El mito de la ciencia es poderosísimo y lo acabamos de ver con el periplo de Rolf Heuer, director general del CERN, por estas latitudes. Qué gran predicador, qué gestos, qué frases. Actuaba, eso sí, sobre terreno abonado porque Asturias es la tierra de ese mesias -así, sin acento- que instalado en México insta a la gente a no ducharse, comer vísceras crudas e incluso quitarse un riñón, venderlo y entregarle a él la pasta.

El corazón del CERN es el LHC, el súper colisionador de partículas elementales pesadas. En EE UU valoraron en su día construir algo semejante. Reagan lo apoyó y el Congreso se opuso. Leon Lederman, entonces director del Fermilab -y creador del término partícula de Dios para el bosón de Higgs- cuenta la peripecia en un libro desternillante.

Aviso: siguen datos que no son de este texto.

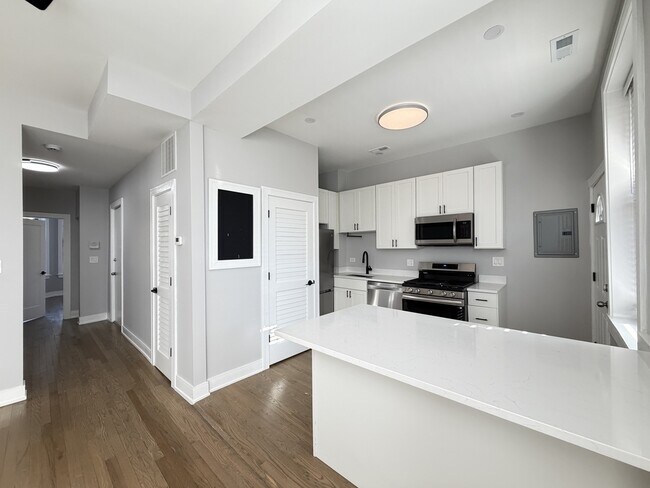 Foto del edificio - 3836 N Wilton Ave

La diferencia entre EE UU y UE se ve en episodios de ese tenor: aquí tiran con pólvora del rey y para perseguir una liebre tan líquida como ese bosón que en último término sólo se manifestará con una traza de carácter estadístico entre millones de fenómenos virtuales no menos estocásticos y en el mar de lo infinitamente pequeño del que sólo cabe hablar con las matemáticas, que, basta de espejismos, no son más que metáforas al cubo. Allí, no.

No pretendo descalificar a la autodenominada gran ciencia, pero si, como se sabe desde hace muy pocos años, el 96 por ciento del universo está constituido por materia oscura y energía oscura y no se tiene ni la más remota idea de qué es la materia oscura y la energía oscura, ¿de qué demonios están hablando? O peor, ¿cómo es posible que gasten miles de millones en semejantes quimeras? Ítem más, ¿cómo se atreven a amenazar, al conjunto de los que pagan la fiesta, con las penas del infierno de la ignorancia si no siguen soltando la mosca en megacantidades?

La ciencia es uno de los grandes mitos de nuestro tiempo y la mejor prueba contrafactual es que el personal sigue tragándose cuentos como el del mesias de Gijón.